Nautilus is a novel challenge generated by the combination of two research areas: Systems Medicine and Big Data in Health. The group formed in Pisa, Italy, in 2012. This is a federated project with a global manifest.
This initiative follows the one embodied by LISM – Laboratory of Integrative Systems Medicine, and continues the backbone of the activities which were undertaken from 02/2012 till 10/2015 with LISM at IFC-CNR.
Nautilus’s aim is to conduct innovative and integrative research in biomedicine by leveraging the spectrum of Big Data applications in Systems Medicine, and with a focus on electronic-Health, mobile-Health, connected-Health, digital biomarkers, network imaging, clinical decision support systems.
- NRF Research Grant Competition 2013 | Title: Delta Networks: Study of Biological Networks under Differential Conditions: Applications to Cancer (Joint with UAEU, and run with LISM-IFC within CNR and Un Miami, US)
- Grant Competition in Oncology, by Istituto Toscano Tumori. | Title: Improving Therapy for Breast Cancer and Melanoma by Transcriptome-Methylome Profiling, Integrative Network Inference, and Design of Novel Theranostic Tools. (Participants are IFC-CNR Siena and IFAC-CNR Florence.)
- South of Italy project (coming soon . . .)
- Externautics (Siena) with R. Grifantini
- Computer Lab, Cambridge University (UK) with P. Lio’
- Center for Computational Science, University of Miami (Miami, FL)
- Sylvester Comprehensive Cancer Center, University of Miami (Miami, FL)
- Bioinformatics Lab, College of Information Technology, at the United Arab Emirates University (UAEU) with Nazar Zaki
- Beijing Genomics Institute (BGI) (Shenzen – China, and Europe HQ in DK)
- Biomaterials Science Center, University of Basel (CH)
What Systems Medicine is About:
Methodological, Applied, Theoretical: We apply Quantitative Modeling and Computational Tools with relevance and impacts measurable at systems scale. Due to the presence of large volumes of data, system’s complexity requires novel computational developments exploiting tools such as Networks, Machine Learning, Information Science, Bioinformatics and Statistical approaches to propose solutions.
Big Data is currently among the most valuable source of information and knowledge given its multiple potential uses, markets and increasing volume.
While it is clear that such value remains underestimated in the Health sector, and widespread access to Big Data is still limited, analytical and computational developments are destined to shape the field and determine its profitability at all levels.
In the cancer context, digital or e-health focus is on the identification of special populations of cancer patients with clinical and/or molecular characteristics which Big Data approaches will naturally tend to compare, aggregate, and analyze.
In clinical trials, about 3% of patients are on average gathered and such percentage is not only small but also marginally representative of patient populations.
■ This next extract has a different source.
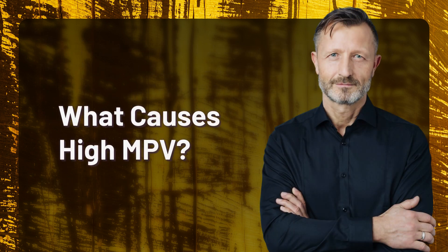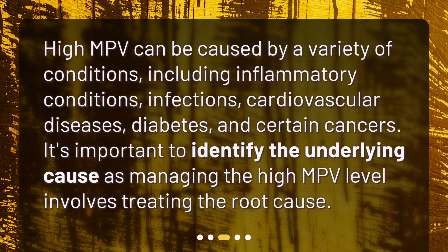What causes high MPV? High MPV can be caused by a variety of conditions, including inflammatory conditions, infections, cardiovascular diseases, diabetes, and certain cancers. It's important to identify the underlying cause, as managing the high MPV level involves treating the root cause.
Big Data and the limitless knowledge discovery database set available, represents a novel frontier of investigation with impacts on diagnosis, therapy and prevention.
Electronic Health Records (EHR) provide (a) clinical decision support to doctors for selection of therapies, (b) valuable care assessment tools, (c) analytics to uncover hidden patterns in patients features including treatments, outcomes, etc.
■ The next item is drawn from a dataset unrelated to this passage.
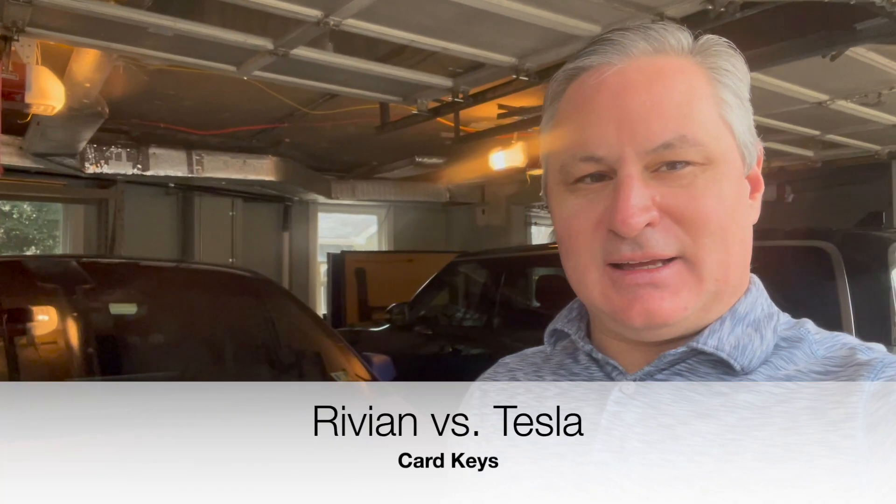Rivian versus Tesla. Hi, my name is David, long-time EV driver and a driver of both a Tesla Model X Plaid and a Rivian R1S.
Ideally, translational research considers science results and evidences first transmitted to clinical practice (bench to bedside), and then to public health (bedside to community).
Many factors influence public health: climate, culture, environment, and going deeper, temperature, education level, air quality, and also income, lifestyle, marital status, age, gender, religion, ethnic origins, till social relations mediated or not by social media.
EHR include data and images with static (census) and dynamic (panel) structures, in addition to other emerging sources like social media. This sort of ‘health data liquidity’ needs to be characterized by proper linkages for enabling interoperability and comparisons across various contexts.
Consequently, the concept that an ‘e-Health system’ is pursued as the ideal arrival point of an information process connecting Big Data components. This leads to the idea of c-Health or connected-Health.
Notably, the growth of probability of error is proportional to the system’s complexity, despite the number of individuals in the system can balance and allow inference to be carried out. This said, in the next future quantitative and computational sciences will be central resources and assets for analysis and inference.